*WORK TO COMPLETE*:
Take the listing below and print exactly the lines starting at the line containing "its left). Once the oscillation starts, CRg" and ending at the line containing "example, the Tektronix catalog).", both ends included, and no others.

*EXERCISE MATERIALS*:
+ + + + + + +
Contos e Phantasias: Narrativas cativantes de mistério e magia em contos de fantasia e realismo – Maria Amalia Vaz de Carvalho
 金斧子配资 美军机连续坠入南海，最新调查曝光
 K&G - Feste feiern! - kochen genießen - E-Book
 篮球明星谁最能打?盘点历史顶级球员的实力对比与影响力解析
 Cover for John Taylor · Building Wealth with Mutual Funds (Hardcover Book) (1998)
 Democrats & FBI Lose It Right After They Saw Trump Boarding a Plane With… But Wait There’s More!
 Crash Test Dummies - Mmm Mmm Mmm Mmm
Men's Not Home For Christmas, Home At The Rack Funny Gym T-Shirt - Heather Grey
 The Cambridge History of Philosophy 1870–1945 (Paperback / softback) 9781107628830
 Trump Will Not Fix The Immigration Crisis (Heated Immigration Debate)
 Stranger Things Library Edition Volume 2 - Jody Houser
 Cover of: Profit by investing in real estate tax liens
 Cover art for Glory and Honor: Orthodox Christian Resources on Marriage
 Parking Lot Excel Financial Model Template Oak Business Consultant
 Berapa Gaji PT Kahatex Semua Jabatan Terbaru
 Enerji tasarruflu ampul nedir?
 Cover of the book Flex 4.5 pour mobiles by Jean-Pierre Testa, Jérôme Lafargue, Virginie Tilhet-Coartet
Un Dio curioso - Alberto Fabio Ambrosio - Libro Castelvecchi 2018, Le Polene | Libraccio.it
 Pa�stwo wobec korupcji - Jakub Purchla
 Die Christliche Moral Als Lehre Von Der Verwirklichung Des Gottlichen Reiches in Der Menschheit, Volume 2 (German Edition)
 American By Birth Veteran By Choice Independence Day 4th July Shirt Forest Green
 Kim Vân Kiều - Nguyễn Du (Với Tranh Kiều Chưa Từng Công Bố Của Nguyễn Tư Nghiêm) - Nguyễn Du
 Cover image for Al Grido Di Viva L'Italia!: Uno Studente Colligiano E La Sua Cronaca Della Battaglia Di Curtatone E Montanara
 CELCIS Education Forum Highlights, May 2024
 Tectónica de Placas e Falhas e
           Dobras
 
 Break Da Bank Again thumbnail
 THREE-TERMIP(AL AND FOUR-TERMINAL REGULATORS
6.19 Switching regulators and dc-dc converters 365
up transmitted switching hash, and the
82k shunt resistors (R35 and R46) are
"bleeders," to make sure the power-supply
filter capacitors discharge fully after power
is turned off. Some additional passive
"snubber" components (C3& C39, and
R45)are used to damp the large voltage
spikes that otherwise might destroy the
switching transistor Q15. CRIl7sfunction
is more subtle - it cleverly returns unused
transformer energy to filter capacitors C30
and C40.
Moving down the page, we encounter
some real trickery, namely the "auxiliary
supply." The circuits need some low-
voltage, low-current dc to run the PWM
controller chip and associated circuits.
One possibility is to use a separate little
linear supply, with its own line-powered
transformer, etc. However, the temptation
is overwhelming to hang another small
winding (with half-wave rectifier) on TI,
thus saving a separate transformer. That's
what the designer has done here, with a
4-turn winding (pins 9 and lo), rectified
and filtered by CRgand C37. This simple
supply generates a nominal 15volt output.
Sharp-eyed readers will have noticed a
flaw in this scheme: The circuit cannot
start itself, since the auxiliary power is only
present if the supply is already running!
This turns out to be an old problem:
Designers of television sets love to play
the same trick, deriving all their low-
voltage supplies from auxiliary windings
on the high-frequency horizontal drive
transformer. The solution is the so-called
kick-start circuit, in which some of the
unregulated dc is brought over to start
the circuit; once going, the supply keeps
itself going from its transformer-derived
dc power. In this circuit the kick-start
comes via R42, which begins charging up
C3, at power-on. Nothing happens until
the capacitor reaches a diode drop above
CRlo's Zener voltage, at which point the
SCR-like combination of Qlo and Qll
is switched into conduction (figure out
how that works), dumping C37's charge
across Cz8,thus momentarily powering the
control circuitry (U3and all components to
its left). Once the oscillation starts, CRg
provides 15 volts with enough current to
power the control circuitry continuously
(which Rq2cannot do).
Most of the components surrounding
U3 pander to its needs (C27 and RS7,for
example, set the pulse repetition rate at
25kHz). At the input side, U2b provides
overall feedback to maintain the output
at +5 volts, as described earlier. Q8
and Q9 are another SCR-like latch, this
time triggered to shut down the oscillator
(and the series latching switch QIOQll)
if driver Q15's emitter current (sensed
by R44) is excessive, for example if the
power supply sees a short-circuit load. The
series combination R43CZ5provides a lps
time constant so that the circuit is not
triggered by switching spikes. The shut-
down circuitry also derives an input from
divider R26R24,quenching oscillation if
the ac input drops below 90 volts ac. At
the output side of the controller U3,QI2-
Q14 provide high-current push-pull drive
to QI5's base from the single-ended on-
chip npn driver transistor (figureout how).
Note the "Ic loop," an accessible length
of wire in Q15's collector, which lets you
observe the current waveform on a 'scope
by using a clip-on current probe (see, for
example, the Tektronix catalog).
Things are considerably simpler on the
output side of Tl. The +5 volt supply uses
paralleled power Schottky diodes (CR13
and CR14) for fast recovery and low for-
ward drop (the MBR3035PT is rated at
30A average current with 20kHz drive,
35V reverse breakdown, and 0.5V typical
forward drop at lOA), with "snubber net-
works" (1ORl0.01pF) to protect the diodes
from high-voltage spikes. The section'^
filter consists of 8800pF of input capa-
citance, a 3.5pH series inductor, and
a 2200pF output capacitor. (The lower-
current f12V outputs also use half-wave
+ + + + + + +
*ANSWER SPACE*:
its left). Once the oscillation starts, CRg
provides 15 volts with enough current to
power the control circuitry continuously
(which Rq2cannot do).
Most of the components surrounding
U3 pander to its needs (C27 and RS7,for
example, set the pulse repetition rate at
25kHz). At the input side, U2b provides
overall feedback to maintain the output
at +5 volts, as described earlier. Q8
and Q9 are another SCR-like latch, this
time triggered to shut down the oscillator
(and the series latching switch QIOQll)
if driver Q15's emitter current (sensed
by R44) is excessive, for example if the
power supply sees a short-circuit load. The
series combination R43CZ5provides a lps
time constant so that the circuit is not
triggered by switching spikes. The shut-
down circuitry also derives an input from
divider R26R24,quenching oscillation if
the ac input drops below 90 volts ac. At
the output side of the controller U3,QI2-
Q14 provide high-current push-pull drive
to QI5's base from the single-ended on-
chip npn driver transistor (figureout how).
Note the "Ic loop," an accessible length
of wire in Q15's collector, which lets you
observe the current waveform on a 'scope
by using a clip-on current probe (see, for
example, the Tektronix catalog).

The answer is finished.